Ora è chiaro che qualunque Confindustria di questo mondo può fare solo ciò che le viene consentito dalla forza degli operai, che consiste soprattutto nella guida di cui la classe dispone; e che se la Confindustria pretende di subordinare i salari agli indici generali che più le aggradano, occorre, d’altra parte, che la direzione sindacale contrapponga gli indici generali che più rispondono alle reali esigenze dei salariati. Ma le centrali sindacali non si sognano nemmeno lontanamente di rappresentare le condizioni generali dei proletari, perchè non vogliono essere le rappresentanze della classe, ma solo delle categorie, separate tra loro, dei lavoratori, per cui ciascuna cerca di tirare l’acqua al suo rnulino. Esse non osano contrapporre questo stato, che è del più inaudito e vile sfruttamento della forza-lavoro, perchè si vedrebbero costrette a contrapporre tutta la classe operaia a tutta la classe padronale. E questo non vogliono, perchè ciò significherebbe rompere l’incanto della pace sociale che i dirigenti dei lavoratori hanno imposto e mantengono tra sfruttati e sfruttatori e che permette loro di sedere ai vertici delle organizzazioni operaie, sorretti da un misero strato di “aristocratici del lavoro”, di lavoratori meglio pagati dal capitalismo col preciso scopo di premere sugli strati peggio pagati e di farli tacere.

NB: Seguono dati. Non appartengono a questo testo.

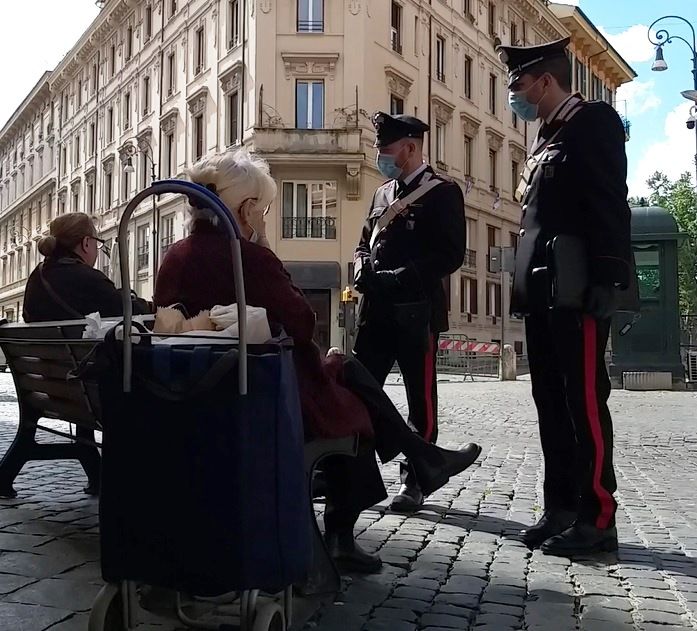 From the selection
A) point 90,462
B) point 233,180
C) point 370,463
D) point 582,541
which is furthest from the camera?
point 90,462

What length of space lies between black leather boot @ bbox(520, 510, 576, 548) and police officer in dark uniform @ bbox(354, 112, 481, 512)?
77cm

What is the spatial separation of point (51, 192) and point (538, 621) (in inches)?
2289

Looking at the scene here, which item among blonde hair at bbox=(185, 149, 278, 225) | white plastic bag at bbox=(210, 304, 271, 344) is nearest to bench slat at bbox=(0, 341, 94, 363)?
blonde hair at bbox=(185, 149, 278, 225)

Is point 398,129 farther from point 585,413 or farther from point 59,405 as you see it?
point 59,405

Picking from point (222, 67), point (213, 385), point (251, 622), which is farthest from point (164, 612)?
point (222, 67)

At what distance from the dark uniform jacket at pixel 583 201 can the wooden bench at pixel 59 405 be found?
133 centimetres

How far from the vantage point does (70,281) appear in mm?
4629

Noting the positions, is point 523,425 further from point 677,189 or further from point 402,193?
point 677,189

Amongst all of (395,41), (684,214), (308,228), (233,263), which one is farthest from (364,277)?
(684,214)

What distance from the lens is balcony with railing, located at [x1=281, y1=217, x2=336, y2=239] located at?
1251 inches

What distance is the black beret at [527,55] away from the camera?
157 inches

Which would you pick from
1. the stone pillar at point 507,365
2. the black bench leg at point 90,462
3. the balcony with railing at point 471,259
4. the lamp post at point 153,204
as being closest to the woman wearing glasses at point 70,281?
the black bench leg at point 90,462

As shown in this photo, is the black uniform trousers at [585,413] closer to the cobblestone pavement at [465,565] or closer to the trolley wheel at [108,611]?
the cobblestone pavement at [465,565]

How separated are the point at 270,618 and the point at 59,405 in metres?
2.34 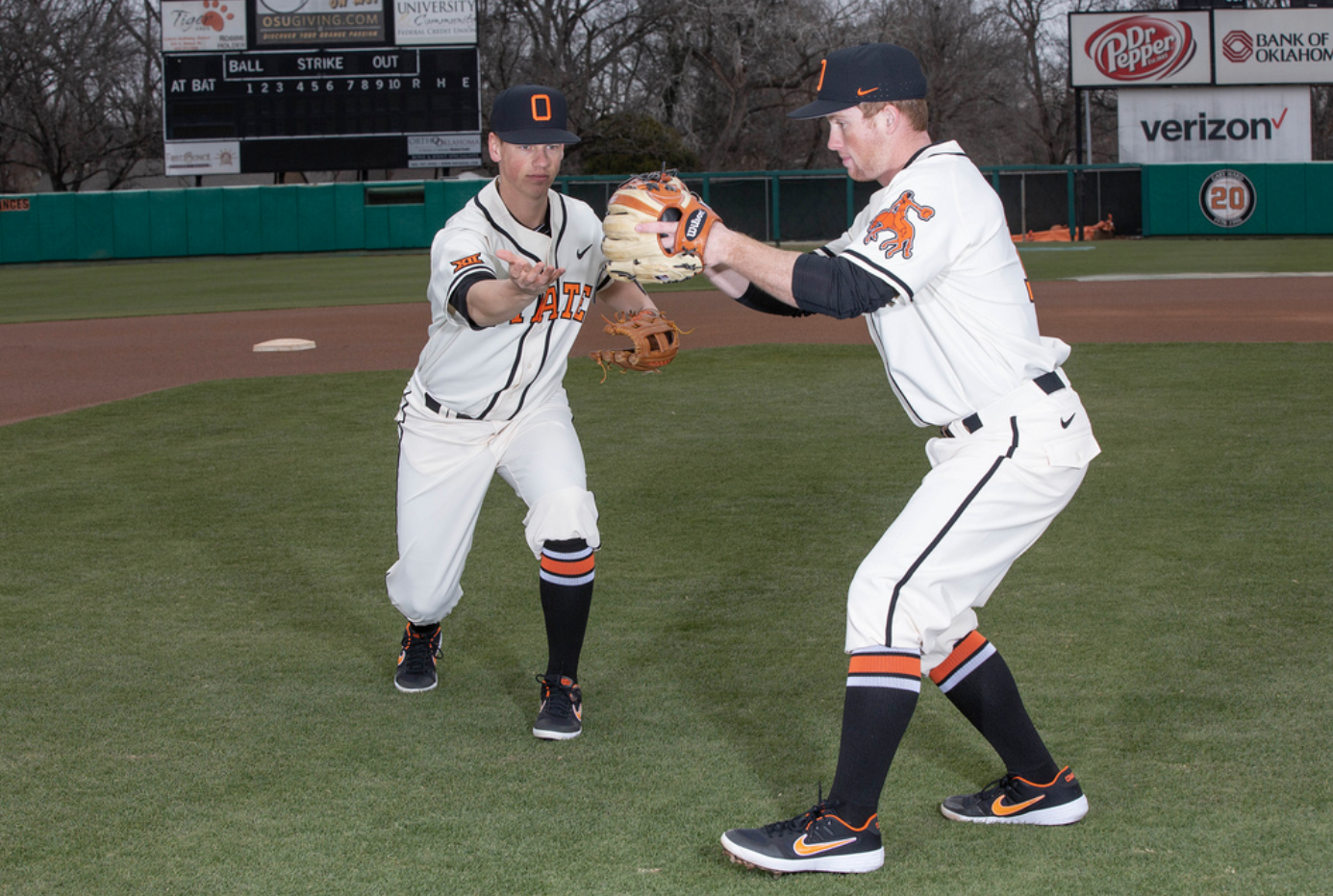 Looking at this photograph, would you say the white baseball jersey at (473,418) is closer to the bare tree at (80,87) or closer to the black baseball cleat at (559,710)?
the black baseball cleat at (559,710)

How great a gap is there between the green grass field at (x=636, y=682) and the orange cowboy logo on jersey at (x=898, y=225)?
A: 1362mm

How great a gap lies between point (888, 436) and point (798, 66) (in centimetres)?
3647

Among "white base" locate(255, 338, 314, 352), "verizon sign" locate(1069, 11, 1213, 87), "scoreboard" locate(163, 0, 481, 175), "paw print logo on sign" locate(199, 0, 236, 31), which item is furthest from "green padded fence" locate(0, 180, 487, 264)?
"white base" locate(255, 338, 314, 352)

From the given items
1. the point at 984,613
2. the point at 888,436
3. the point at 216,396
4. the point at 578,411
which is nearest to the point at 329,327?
the point at 216,396

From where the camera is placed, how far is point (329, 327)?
15766 mm

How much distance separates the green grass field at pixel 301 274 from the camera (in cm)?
2003

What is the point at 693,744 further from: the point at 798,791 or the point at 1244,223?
the point at 1244,223

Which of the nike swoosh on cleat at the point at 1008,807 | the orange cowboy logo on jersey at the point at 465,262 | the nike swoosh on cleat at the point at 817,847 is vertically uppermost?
the orange cowboy logo on jersey at the point at 465,262

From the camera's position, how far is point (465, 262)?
3740mm

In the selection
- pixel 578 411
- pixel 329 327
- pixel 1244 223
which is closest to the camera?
pixel 578 411

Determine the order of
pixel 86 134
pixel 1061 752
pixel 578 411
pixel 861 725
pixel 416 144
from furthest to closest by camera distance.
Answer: pixel 86 134 < pixel 416 144 < pixel 578 411 < pixel 1061 752 < pixel 861 725

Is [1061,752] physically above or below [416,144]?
below

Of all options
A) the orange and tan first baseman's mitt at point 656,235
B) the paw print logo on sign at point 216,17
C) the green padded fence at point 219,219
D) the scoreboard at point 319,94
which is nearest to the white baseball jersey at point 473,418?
the orange and tan first baseman's mitt at point 656,235

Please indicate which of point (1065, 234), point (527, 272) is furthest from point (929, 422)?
point (1065, 234) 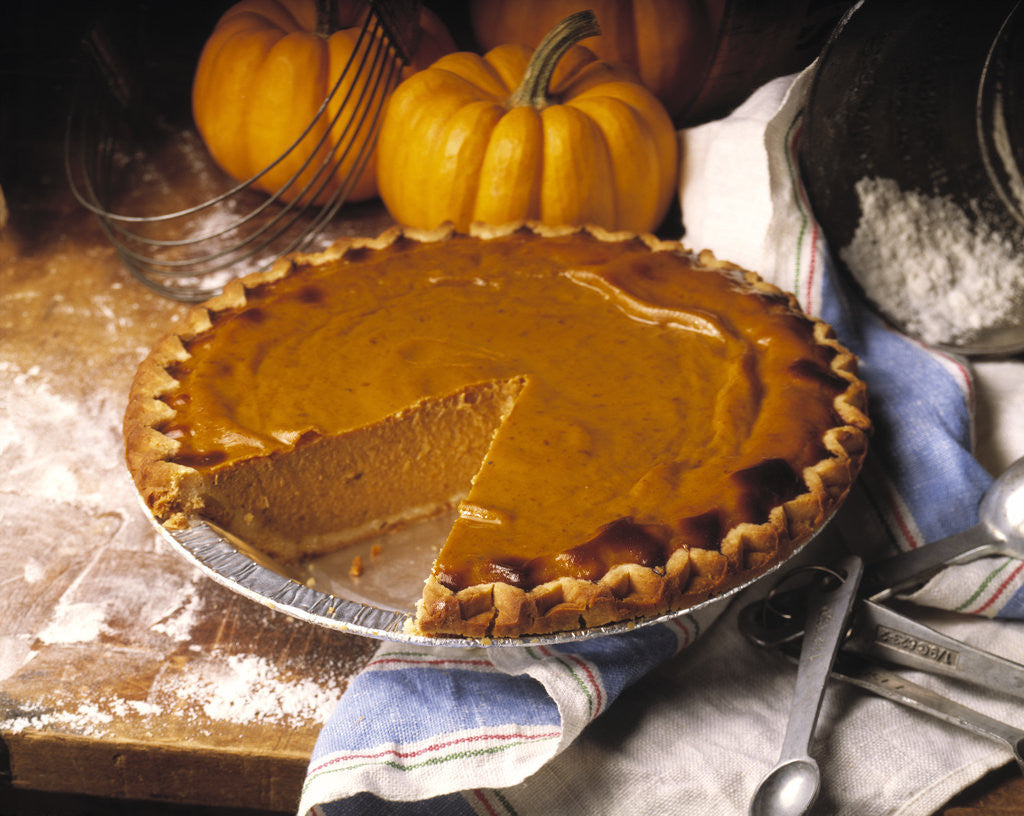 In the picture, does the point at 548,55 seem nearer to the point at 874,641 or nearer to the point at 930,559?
the point at 930,559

Gli operai si stanno battendo in modo esemplare, seguono ogni disposizione dei sindacati, compiono sacrifici enormi per non abbandonare la lotta. Ma le loro energie, i loro sacrifici, il loro spirito di combattimento come possono difenderli dall’offensiva accanita e massiccia di un nemico che si avvale, oltre che delle sue armi tradizionali, anche della compiacenza dei sindacati?

La classe operaia è completamente indifesa. Le dirigenze sindacali, il predominio nelle organizzazioni economiche degli operai dell’opportunismo traditore, continuatore in forma democratica della svirilizzazione della classe operaia svolta dal fascismo, hanno ridotto il proletariato a una massa informe e inerme, senza guida e senza scopi.

Il fondo della tragedia è toccato. Deve risorgere dalle file dei proletari la volontà del riscatto sociale, abbattendo la politica sempre più aperta del tradimento. I comunisti rivoluzionari di ieri e di sempre hanno indicata la strada: marciare sotto le bandiere della rivoluzione comunista.